Short text fragments from websites

========================================

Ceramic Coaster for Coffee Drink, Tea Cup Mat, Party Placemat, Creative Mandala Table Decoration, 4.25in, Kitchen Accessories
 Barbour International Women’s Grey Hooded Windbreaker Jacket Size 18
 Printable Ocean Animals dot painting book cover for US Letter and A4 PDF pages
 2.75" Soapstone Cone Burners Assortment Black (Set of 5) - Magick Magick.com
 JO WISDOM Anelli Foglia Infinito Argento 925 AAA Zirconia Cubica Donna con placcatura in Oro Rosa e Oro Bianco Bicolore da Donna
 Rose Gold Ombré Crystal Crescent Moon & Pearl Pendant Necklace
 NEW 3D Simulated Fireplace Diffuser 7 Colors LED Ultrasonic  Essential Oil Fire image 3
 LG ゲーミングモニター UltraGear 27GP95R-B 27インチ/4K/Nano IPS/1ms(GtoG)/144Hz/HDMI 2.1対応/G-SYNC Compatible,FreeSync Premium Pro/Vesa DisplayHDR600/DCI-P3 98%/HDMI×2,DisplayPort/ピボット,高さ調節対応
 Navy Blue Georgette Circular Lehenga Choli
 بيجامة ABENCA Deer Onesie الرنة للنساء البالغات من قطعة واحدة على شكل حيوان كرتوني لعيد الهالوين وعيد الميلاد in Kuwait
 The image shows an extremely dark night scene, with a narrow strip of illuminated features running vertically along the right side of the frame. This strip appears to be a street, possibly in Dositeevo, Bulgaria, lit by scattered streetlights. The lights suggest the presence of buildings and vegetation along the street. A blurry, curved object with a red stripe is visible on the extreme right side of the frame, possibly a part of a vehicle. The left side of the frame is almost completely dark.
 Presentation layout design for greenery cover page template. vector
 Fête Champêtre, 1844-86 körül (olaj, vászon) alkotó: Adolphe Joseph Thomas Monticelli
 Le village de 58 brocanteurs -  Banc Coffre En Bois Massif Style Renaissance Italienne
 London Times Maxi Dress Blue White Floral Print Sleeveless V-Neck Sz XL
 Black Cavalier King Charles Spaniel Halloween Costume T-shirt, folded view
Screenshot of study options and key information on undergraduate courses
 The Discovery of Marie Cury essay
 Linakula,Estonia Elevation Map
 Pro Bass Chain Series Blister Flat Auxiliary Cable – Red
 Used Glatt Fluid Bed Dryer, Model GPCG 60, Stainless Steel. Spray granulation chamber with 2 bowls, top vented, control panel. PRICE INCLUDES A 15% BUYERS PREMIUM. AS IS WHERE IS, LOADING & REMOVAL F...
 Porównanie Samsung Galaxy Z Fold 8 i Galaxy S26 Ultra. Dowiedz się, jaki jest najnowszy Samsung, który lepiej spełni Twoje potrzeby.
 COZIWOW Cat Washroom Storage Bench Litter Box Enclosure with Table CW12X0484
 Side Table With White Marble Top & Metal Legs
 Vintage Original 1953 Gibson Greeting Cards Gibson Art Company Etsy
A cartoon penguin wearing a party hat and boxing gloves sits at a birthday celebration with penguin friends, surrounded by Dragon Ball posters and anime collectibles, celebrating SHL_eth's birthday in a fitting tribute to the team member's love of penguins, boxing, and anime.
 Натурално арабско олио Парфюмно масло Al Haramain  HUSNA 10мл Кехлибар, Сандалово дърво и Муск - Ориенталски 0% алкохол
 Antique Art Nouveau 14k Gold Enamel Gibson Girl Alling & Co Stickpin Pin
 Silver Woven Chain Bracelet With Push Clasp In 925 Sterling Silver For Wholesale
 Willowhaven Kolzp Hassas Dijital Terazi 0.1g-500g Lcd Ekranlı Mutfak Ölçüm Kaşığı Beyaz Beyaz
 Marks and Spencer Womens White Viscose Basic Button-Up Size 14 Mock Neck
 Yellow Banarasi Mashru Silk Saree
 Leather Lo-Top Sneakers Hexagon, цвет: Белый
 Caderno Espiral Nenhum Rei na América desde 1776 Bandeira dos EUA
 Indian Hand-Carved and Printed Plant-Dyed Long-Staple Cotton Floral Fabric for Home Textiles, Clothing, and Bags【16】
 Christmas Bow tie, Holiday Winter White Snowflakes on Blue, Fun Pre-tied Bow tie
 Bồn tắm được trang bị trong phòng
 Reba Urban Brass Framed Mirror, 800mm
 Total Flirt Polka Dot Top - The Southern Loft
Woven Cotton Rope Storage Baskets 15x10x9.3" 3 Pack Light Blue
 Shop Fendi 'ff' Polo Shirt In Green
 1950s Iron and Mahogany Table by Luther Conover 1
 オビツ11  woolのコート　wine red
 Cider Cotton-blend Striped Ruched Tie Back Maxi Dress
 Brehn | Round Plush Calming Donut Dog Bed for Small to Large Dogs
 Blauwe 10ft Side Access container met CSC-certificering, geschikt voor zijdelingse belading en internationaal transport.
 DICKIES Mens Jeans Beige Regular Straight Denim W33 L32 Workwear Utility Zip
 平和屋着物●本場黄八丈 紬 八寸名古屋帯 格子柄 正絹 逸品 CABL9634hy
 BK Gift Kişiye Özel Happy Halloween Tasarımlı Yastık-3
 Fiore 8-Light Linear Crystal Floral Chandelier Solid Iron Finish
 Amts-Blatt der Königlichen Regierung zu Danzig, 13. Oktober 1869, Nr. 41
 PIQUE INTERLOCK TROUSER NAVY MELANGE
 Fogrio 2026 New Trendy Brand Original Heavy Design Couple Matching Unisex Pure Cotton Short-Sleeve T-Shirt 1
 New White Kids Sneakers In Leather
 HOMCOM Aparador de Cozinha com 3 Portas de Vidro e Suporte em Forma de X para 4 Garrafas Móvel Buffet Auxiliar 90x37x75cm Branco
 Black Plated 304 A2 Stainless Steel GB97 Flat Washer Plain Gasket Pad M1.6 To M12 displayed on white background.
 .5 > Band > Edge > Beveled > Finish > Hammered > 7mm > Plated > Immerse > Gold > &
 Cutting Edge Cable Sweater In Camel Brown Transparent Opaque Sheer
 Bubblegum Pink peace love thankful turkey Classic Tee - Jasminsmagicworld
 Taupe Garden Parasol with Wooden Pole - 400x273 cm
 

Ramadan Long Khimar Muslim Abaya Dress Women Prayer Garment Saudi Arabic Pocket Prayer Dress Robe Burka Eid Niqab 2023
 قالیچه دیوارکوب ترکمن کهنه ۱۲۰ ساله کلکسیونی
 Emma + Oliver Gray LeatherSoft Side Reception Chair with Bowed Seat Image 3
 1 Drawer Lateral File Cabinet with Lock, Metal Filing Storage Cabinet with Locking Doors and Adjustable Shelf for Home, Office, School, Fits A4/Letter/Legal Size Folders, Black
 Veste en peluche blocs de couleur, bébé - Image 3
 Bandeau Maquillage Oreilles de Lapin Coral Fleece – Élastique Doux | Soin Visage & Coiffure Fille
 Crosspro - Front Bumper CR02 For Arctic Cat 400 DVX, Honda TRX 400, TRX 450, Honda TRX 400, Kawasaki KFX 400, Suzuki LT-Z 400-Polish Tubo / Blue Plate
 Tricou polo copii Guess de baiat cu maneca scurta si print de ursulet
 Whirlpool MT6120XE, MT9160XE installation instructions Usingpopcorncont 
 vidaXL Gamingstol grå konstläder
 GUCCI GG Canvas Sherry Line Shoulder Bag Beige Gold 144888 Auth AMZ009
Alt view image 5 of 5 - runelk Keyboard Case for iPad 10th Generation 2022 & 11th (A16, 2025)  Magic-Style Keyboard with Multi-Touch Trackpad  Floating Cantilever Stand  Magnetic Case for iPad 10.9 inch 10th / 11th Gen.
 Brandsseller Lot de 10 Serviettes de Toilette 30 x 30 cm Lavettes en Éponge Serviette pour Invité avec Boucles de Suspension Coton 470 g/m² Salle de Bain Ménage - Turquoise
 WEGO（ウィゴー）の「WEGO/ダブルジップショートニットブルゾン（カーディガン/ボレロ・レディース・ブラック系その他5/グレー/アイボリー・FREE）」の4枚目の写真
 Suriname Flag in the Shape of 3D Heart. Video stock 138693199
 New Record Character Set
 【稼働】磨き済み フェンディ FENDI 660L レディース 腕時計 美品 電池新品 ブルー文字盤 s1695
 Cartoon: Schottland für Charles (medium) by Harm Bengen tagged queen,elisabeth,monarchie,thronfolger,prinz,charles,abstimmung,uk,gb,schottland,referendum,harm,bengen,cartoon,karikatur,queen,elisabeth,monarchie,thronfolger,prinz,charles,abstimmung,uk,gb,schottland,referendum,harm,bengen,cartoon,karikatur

========================================

Bring together every line in the entries that holds the string "Stainless".

 Used Glatt Fluid Bed Dryer, Model GPCG 60, Stainless Steel. Spray granulation chamber with 2 bowls, top vented, control panel. PRICE INCLUDES A 15% BUYERS PREMIUM. AS IS WHERE IS, LOADING & REMOVAL F...
 Black Plated 304 A2 Stainless Steel GB97 Flat Washer Plain Gasket Pad M1.6 To M12 displayed on white background.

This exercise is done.